Georgia and Florida made their final arguments in a longstanding fight over water flows at the state line in an hourlong appearance Monday, Feb. 22, before the U.S. Supreme Court.
“It’s hard to imagine New England without lobsters or the Chesapeake without crabs, but in effect, that’s the future the Apalachicola now faces when it comes to its oysters and other species,” Florida lawyer Gregory Garre told justices.
The state is seeking an “equitable apportioning” of waters in the Apalachicola-Chattahoochee-Flint River Basin, which includes Lake Lanier in the headwaters, alleging that “overconsumption” by Georgia has led to economic and ecological harm in the Apalachicola Bay in the Gulf of Mexico
Florida particularly is focusing on agricultural uses and irrigation on the Flint River in southwest Georgia.
“Florida has an equal right to the reasonable use of the water at issue,” Garre told justices in a teleconference live streamed by C-SPAN. “If the court accepts the special master’s recommendation, that right will be extinguished and the Apalachicola — not to mention the communities that have fished and depended on it for centuries — will be lost.”

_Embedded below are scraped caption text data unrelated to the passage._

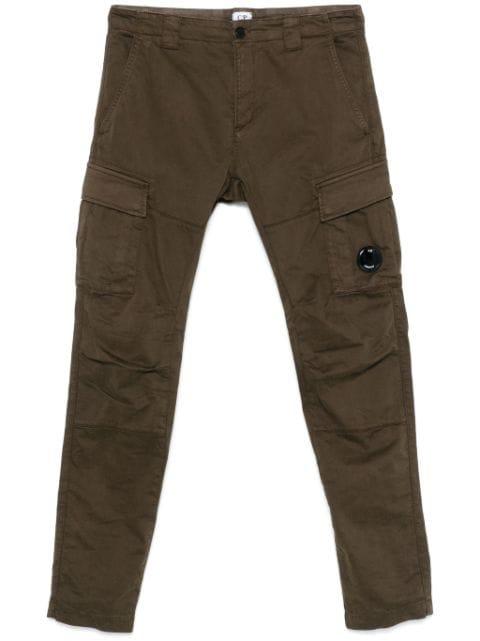 Lens-detail sateen cargo trousers by C.P. COMPANY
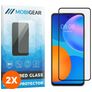 Mobigear Premium Huawei P Smart (2021) Tvrzené sklo Ochrana displeje - kompatibilní s pouzdry - Černá (2 ks)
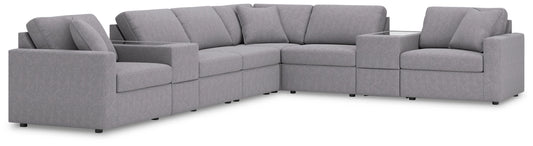 Modmax 8-Piece Sectional with Storage Consoles;Granite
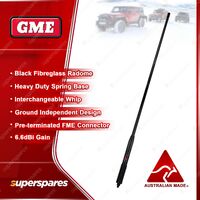 GME 1100mm Radome Antenna 6.6dBi Gain - Black Suit 4WD & Touring Vehicles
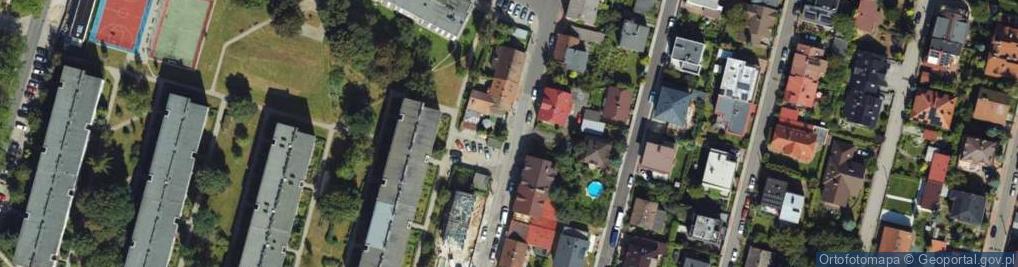 Zdjęcie satelitarne Hana Design Kraków - projektowanie przestrzeni biznesowych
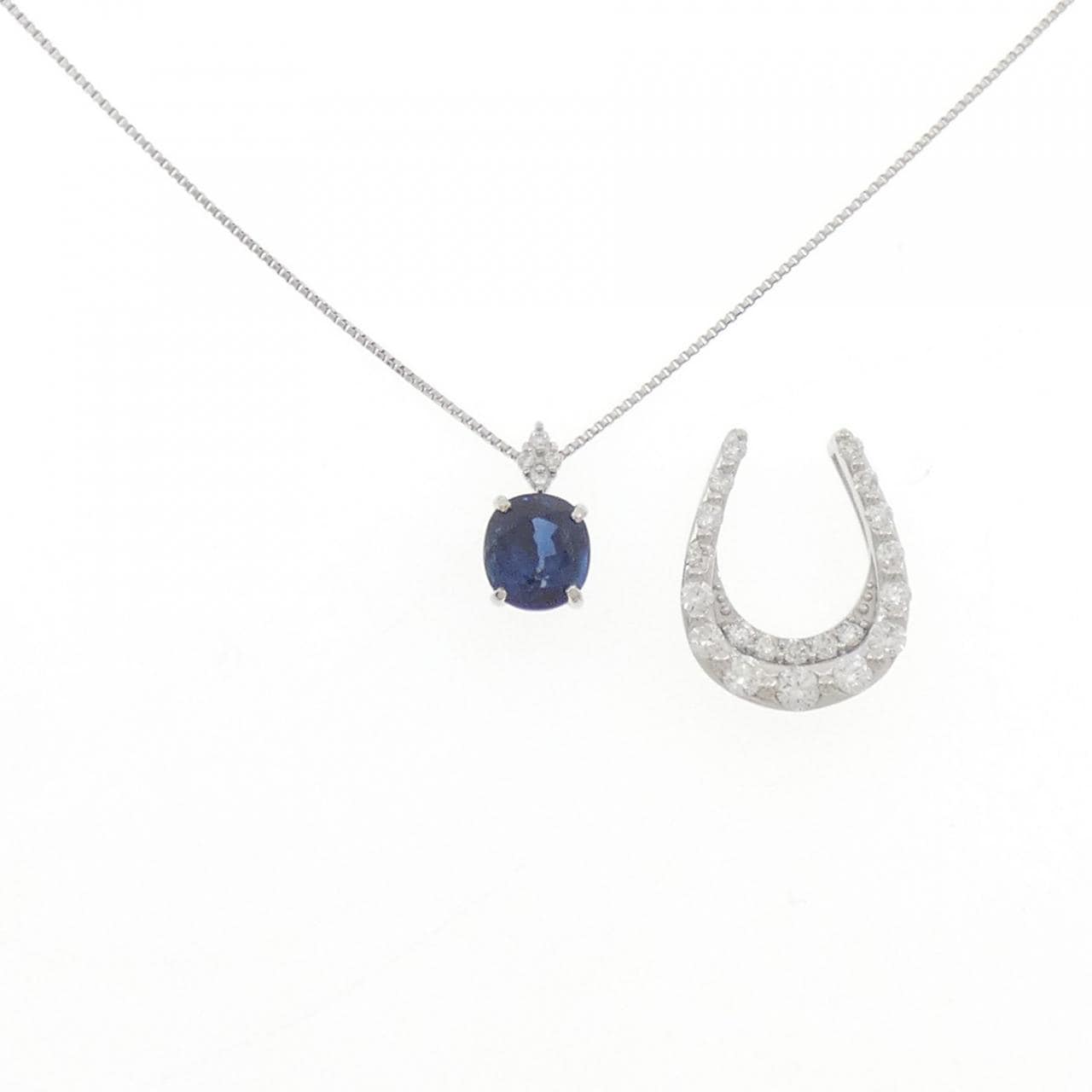 PT900/PT850 2WAY サファイヤ ネックレス 1.16CT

U.S. Circuit Judge Paul J. Kelly, who was appointed by the court to hear from both sides on the issue, recommended in December 2019 that justices not grant Florida’s request for an “equitable apportioning” of waters in the basin.
Georgia’s lawyer, Craig S. Primis, said Florida “has not shown by clear and convincing evidence that Georgia caused Georgia’s alleged harms” in the bay.
“Instead, the record shows that Florida allowed oyster fishing at unprecedented levels in the years preceding the collapse,” he told justices.
Georgia maintained that it accounts for more than 90% of the population, employment and “economic output” in the basin, the state’s total water consumption is 2.4% of “state line” flows in wet years and 6.1% in dry years.
In Monday’s session which lasted about an hour, lawyers for both sides were allowed to give opening and closing remarks, and in between, were peppered with pointed questions and observations from justices.
At one point, Chief Justice John Roberts likened the demise of the oyster industry to the Agatha Christie tale “Murder on the Orient Express.”
“A lot of things took a stab at the fishery — drought, overharvesting, Florida regulatory policies, but also lower salinity that was caused by Georgia’s use of the water,” he said. “But you can’t say that any one of those things is responsible for killing the fishery.”
The court will issue a ruling later.
The battle with Florida is the latest chapter in water litigation also involving Alabama that dates to 1990. The last critical decision was in 2012, when the Supreme Court upheld a lower court’s decision to deny requests by Alabama and Florida to review whether water supply is an authorized purpose of Lake Lanier.
The issue is actually making its second pass through the Supreme Court. Ralph Lancaster, a court-appointed special master before Kelly, offered a recommendation — also siding with Georgia — but justices had additional questions and decided to appoint Kelly to carry on the work.